Selon une autre étude de Travail.Suisse, 38% des employés soumis à une convention collective de travail n’ont droit qu’à un jour de congé paternité payé. Plus de la moitié n’ont droit qu’à 3 jours ou moins. Seule une petite partie obtient six jours ou plus. Il s’agit presque sans exception de conventions collectives de travail de grandes entreprises (par exemple Google).
La Suisse fait figure de mauvais élève
Qu’elle opte pour deux ou quatre semaines, la Suisse continuera d’être à la traine en comparaison internationale. En moyenne, le congé paternité dans les 35 pays de l’Organisation de coopération et de développement économiques (OCDE) est de deux mois. Actuellement, le pays se trouve ainsi au bas du classement, loin derrière la Corée du Sud ou le Japon, comme le montre ce graphique.
La question du congé paternité devra encore être examinée en automne par le Conseil national (Chambre basse). Au Parlement suisse, plus de 30 interventions pour l’introduction du congé paternité ou du congé parental ont déjà échoué.
Vers un congé parental?
«Un congé paternité continue à reposer sur une répartition classique des rôles», a déploré le sénateur du Parti libéral radical (PLR / droite) Hans Wicki.
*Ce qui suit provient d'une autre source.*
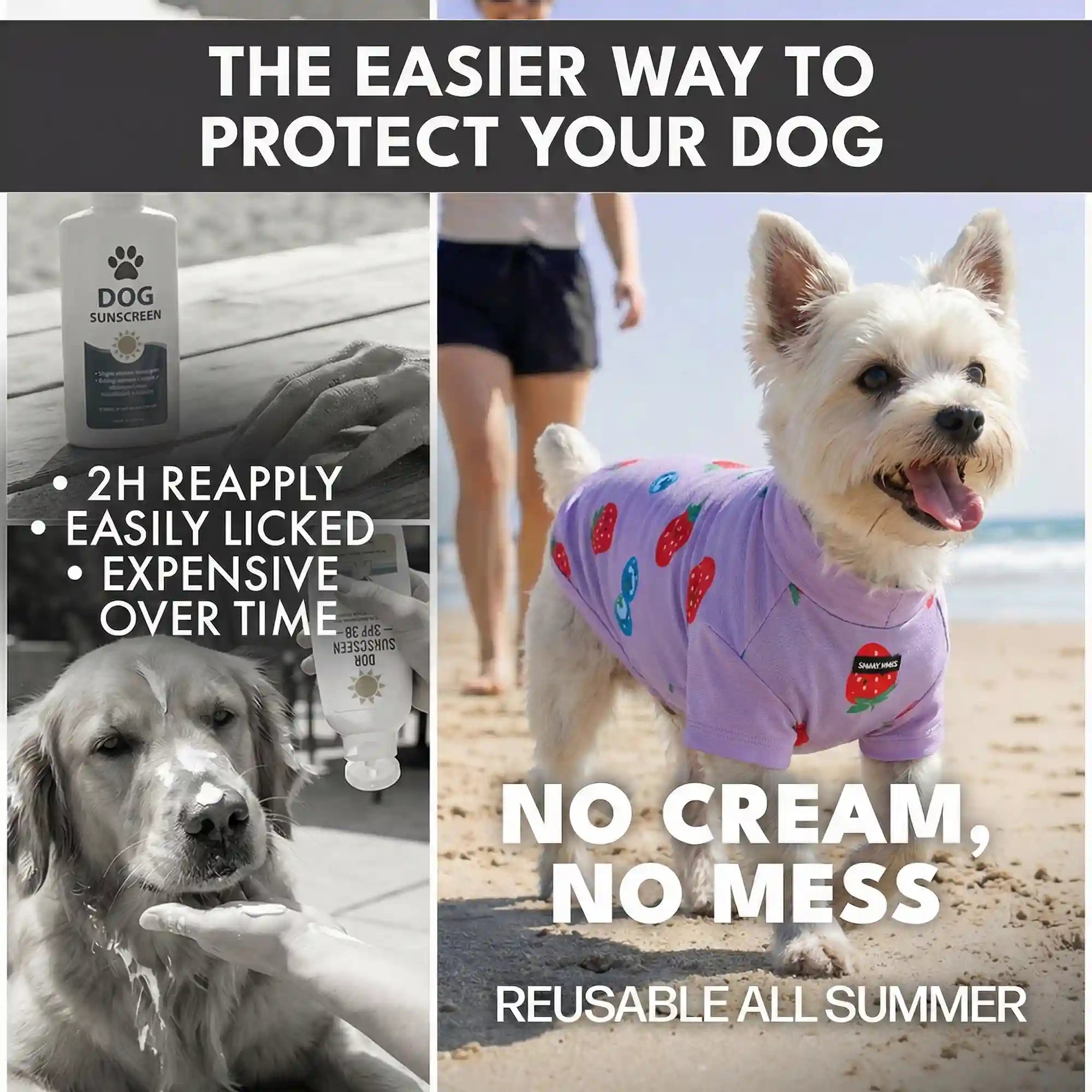 sparkpawsmaut.com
Considérant que les deux options sur la table du Conseil des Etats ne répondaient pas aux exigences de la société d’aujourd’hui, son parti a déposé, à la fin du débat, une motion pour un congé parental de seize semaines. Huit semaines seraient réservées à la mère et les huit restantes devraient être partagées entre les parents.
Si elle soutient l’idée, la socialiste Anita Fetz a toutefois souligné l’importance de poser le cadre du congé paternité avant de passer à l’étape suivante. «La politique a souvent dix ans de retard sur la réalité de la société», a-t-elle affirmé.